Commendone was born at Venice. After an education in the humanities and in jurisprudence at the University of Padua, he came to Rome in 1550. The ambassador of Venice presented him to Pope Julius III, who appointed him one of his secretaries.
After successfully performing various papal missions of minor importance, he accompanied Cardinal Legate Girolamo Dandino to the Netherlands, whence Pope Julius III sent him in 1553 on an important mission to Queen Mary Tudor, who had just succeeded Edward VI on the English throne. He was to treat with the new queen concerning the restoration of the Catholic faith in England.

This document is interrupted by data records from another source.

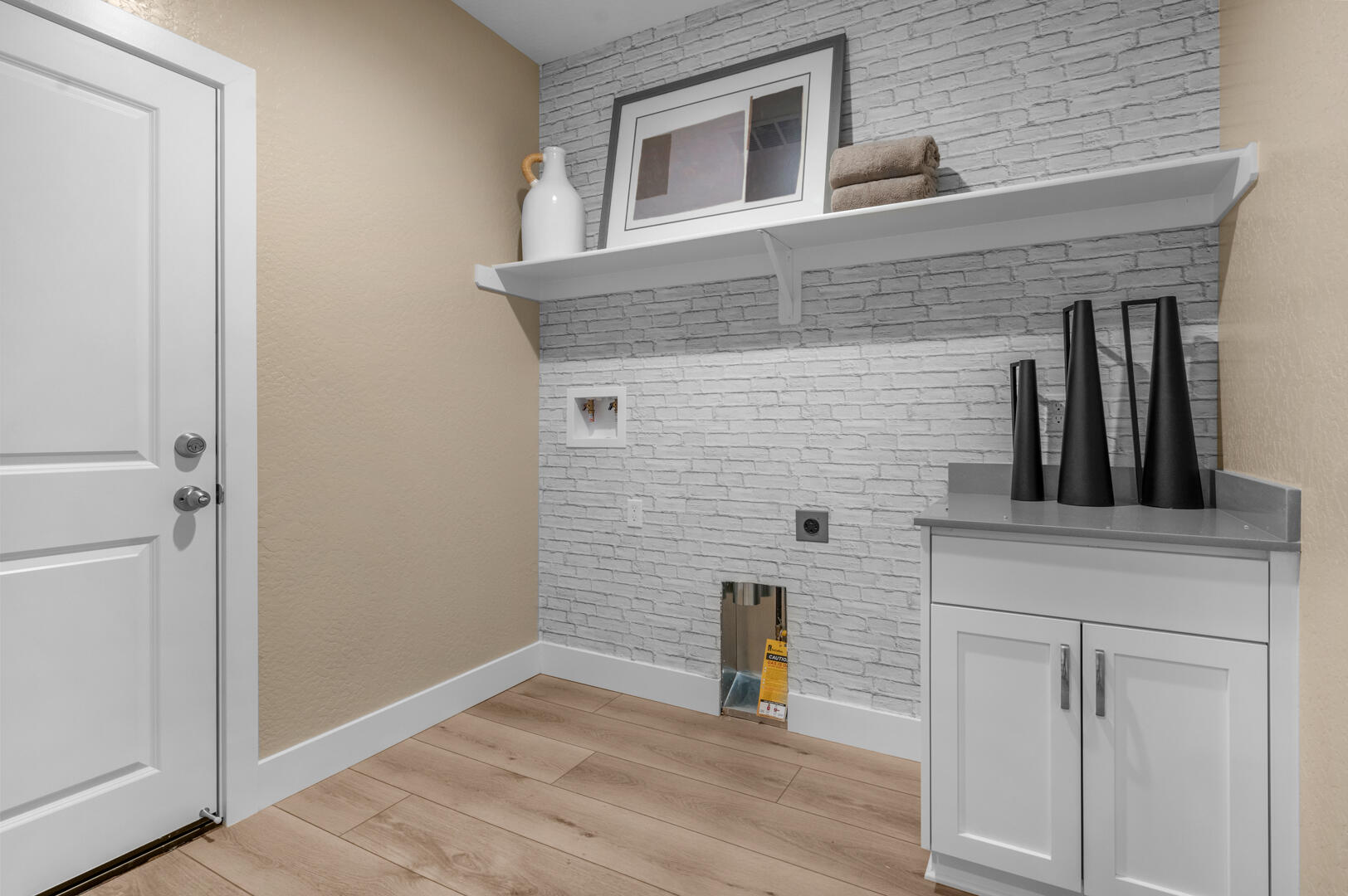 947 Lisbon Ave, Tulare, CA 93274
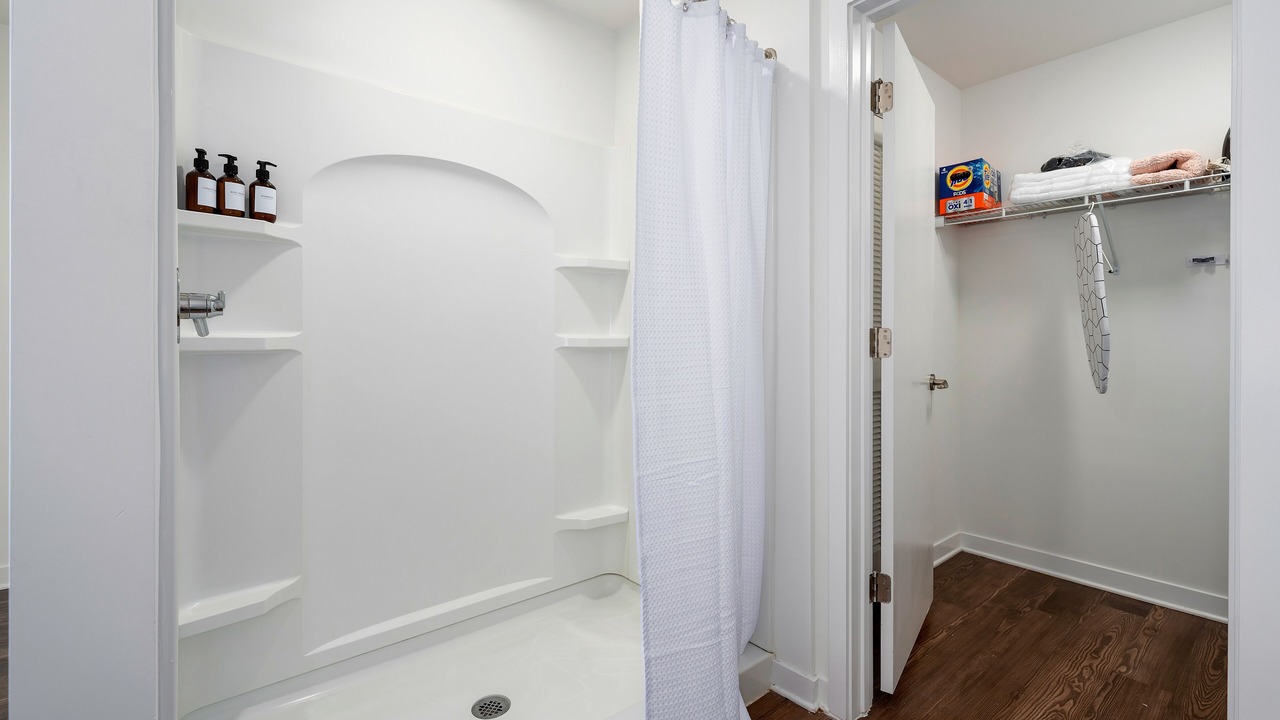 Photo of Bathroom in Avondale
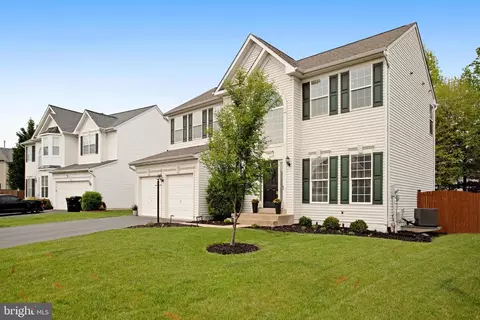 Exterior - 10375 Navarone Pl, Manassas, VA 20110 photo 3 of 10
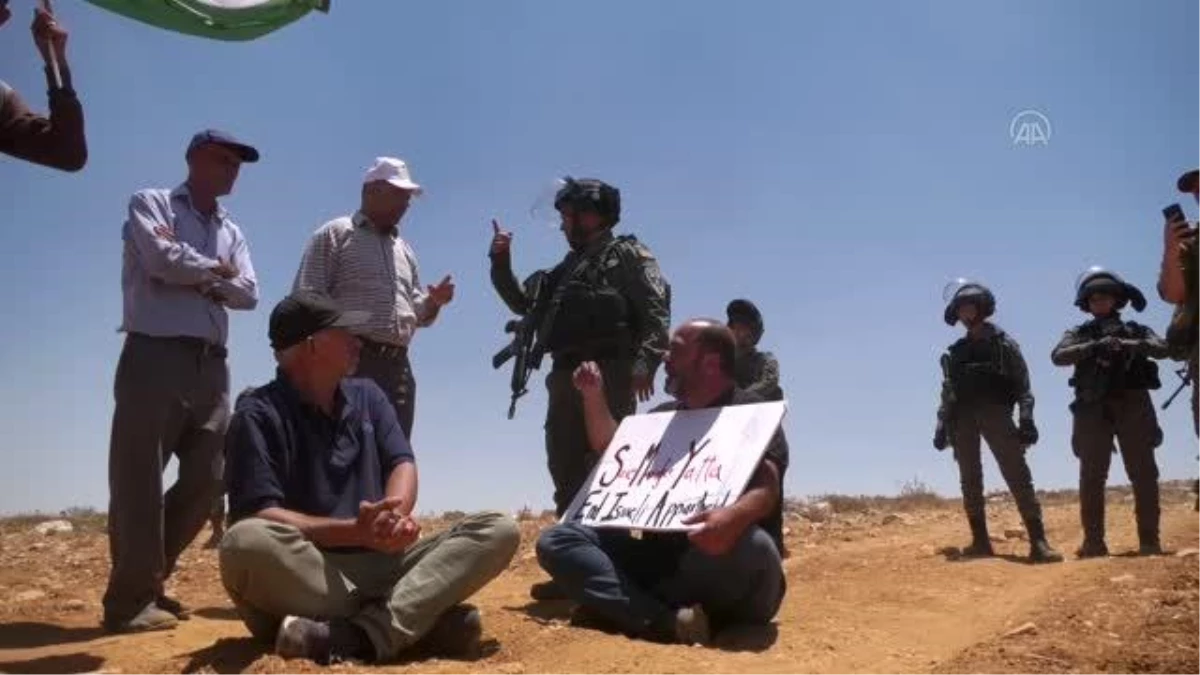 Batı Şeria\'da Yahudi yerleşim birimleri karşıtı gösteri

Accompanied by Penning, a servant and confidant of Cardinal Reginald Pole, Commendone arrived in London on 8 August 1553. Though Mary Tudor was a loyal Catholic, she was surrounded at court by numerous opponents of papal authority, who made it difficult for Commendone to obtain a secret interview with her. By chance he met John Lee, a relation of the Duke of Norfolk and an attendant at court, with whom he had become acquainted in Italy, and Lee succeeded in arranging the interview. Mary received Commendone kindly, and expressed her desire to restore the Catholic Faith and to acknowledge the spiritual authority of the pope, but considered it prudent to act slowly on account of her powerful opponents, Commendone hastened to Rome, arriving there on 11 September, and informed the pope of the news, at the same time handing him a personal letter from the queen.
Commendone continued to hold the office of papal secretary under Pope Paul IV, who esteemed him very highly and in return for his services appointed him bishop of Kephalonia and Zacynthus in 1555. In the summer of 1556 he accompanied Cardinal Legate Scipione Rebiba on a papal mission to the Netherlands, to the courts of Charles V, Holy Roman Emperor and King Philip II of Spain, the consort of Queen Mary of England. Commendone had received instructions to remain as nuncio at the court of Philip, but he was recalled to Rome soon after his arrival in the Netherlands. On 16 September of the same year the pope sent him as extraordinary legate to the Governments of Urbino, Ferrara, Venice, and Parma in order to obtain help against the Spanish troops who were occupying the Campagna and threatening Rome.